**Instructions for the task**. Note on the material below: return exactly the lines from the line that holds "Arrestato storico capo" through the line that holds "4 bedroom property", and leave out each picture.

**Record extracts**.
+++++

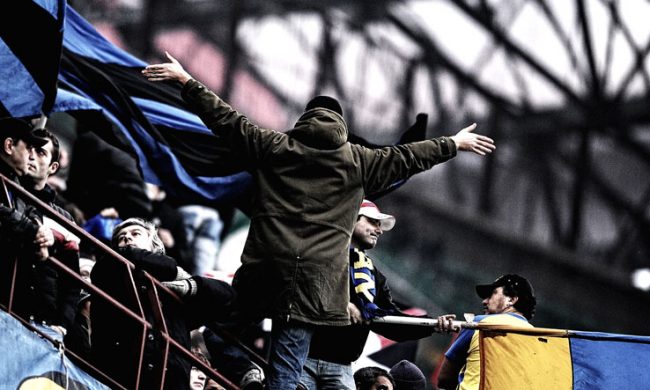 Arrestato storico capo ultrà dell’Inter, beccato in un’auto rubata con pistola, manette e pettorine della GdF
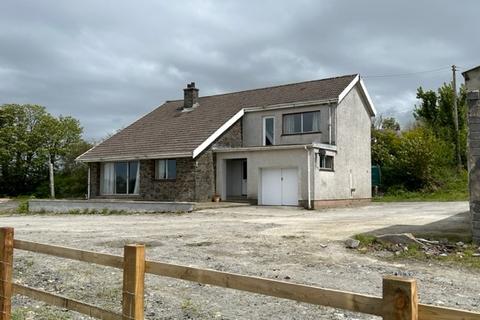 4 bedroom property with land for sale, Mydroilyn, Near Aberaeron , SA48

+++++

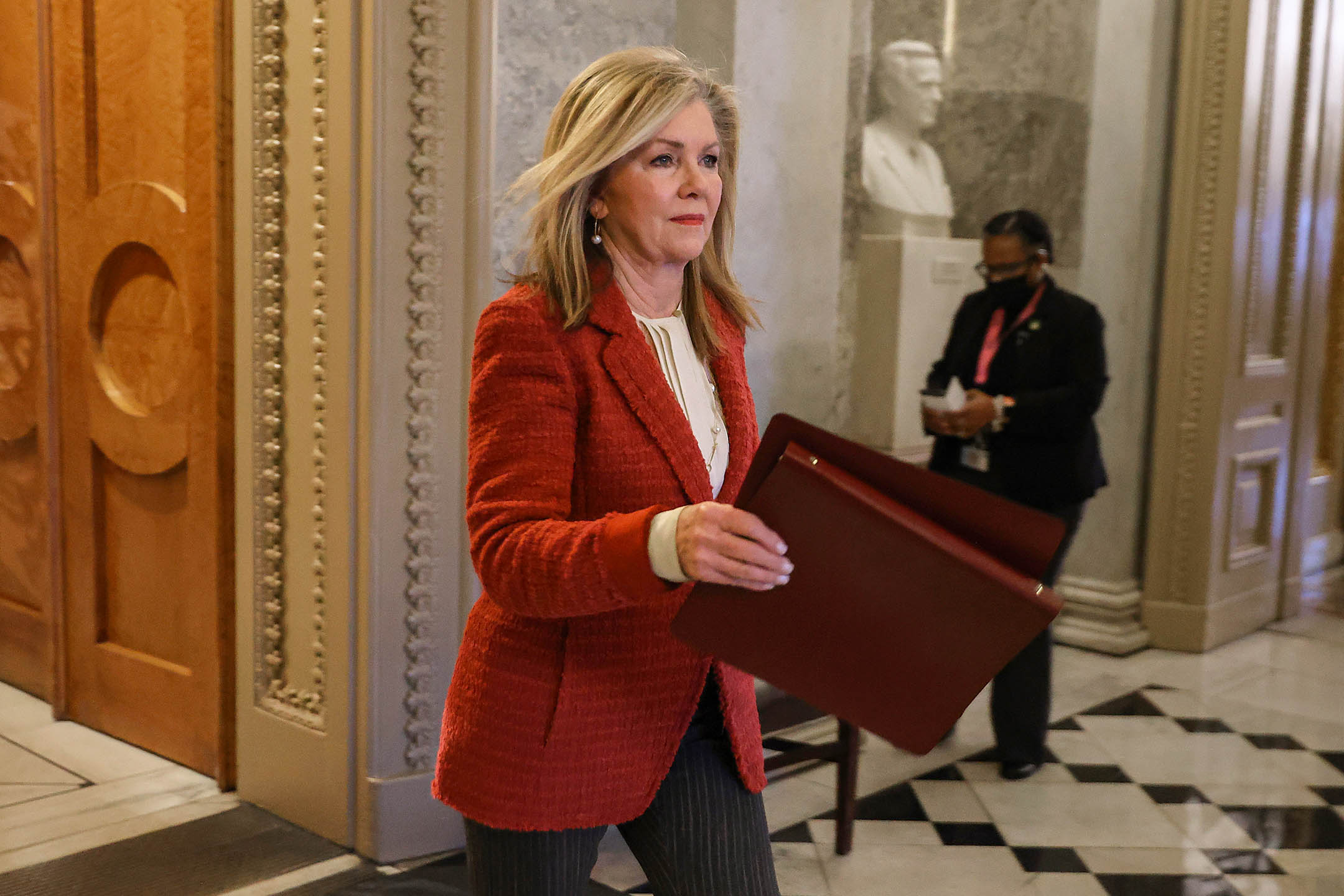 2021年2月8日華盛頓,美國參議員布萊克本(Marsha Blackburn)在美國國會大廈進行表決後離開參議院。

+++++

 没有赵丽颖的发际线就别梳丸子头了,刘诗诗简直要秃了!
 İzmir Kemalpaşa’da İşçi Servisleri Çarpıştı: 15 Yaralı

+++++

**Output for this task**.
 Arrestato storico capo ultrà dell’Inter, beccato in un’auto rubata con pistola, manette e pettorine della GdF
 4 bedroom property with land for sale, Mydroilyn, Near Aberaeron , SA48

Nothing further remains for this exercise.